-- Data segment follows --

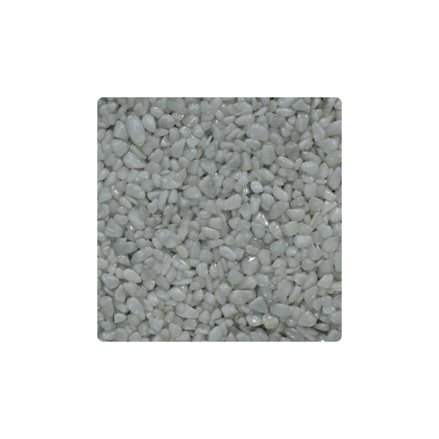 Mramorové kamienky biele 3-6 mm 25 kg vrece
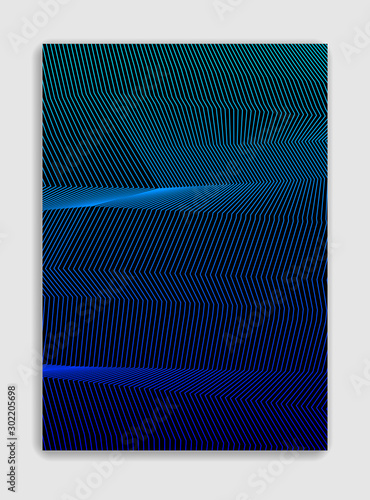 Line art vector minimalistic modern brochure design, cover template, geometric halftone gradient. For Banners, Placards, Posters, Flyers. Perfect and unlike, pattern texture.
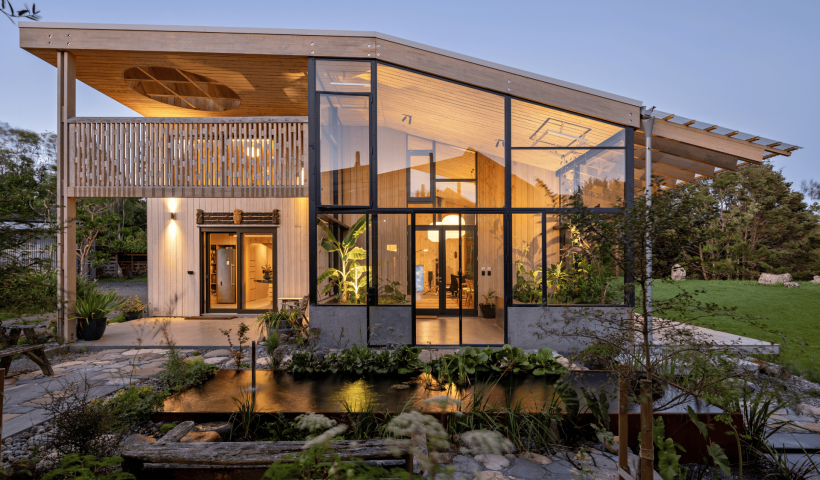 Prolam Glulam Helps Shape an Award-Winning Architect’s Low-Carbon Home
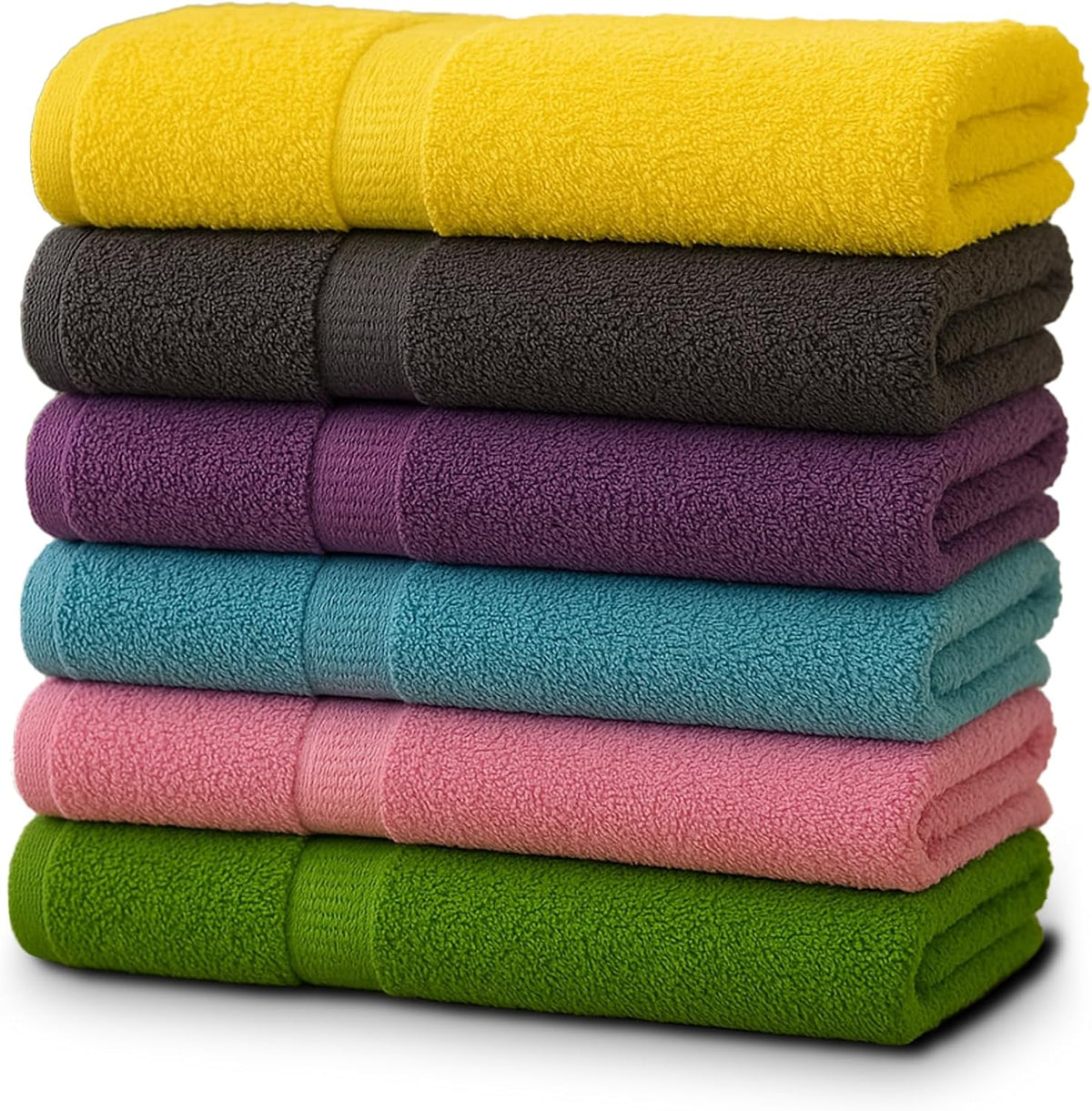 zuperia 6-pack bath towels - 30" x 60", main product view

-- Data segment concluded --

Brief - Copy the material shown above in full and exactly. Skip the pictures.

Response area -
 Mramorové kamienky biele 3-6 mm 25 kg vrece
 Line art vector minimalistic modern brochure design, cover template, geometric halftone gradient. For Banners, Placards, Posters, Flyers. Perfect and unlike, pattern texture.
 Prolam Glulam Helps Shape an Award-Winning Architect’s Low-Carbon Home
 zuperia 6-pack bath towels - 30" x 60", main product view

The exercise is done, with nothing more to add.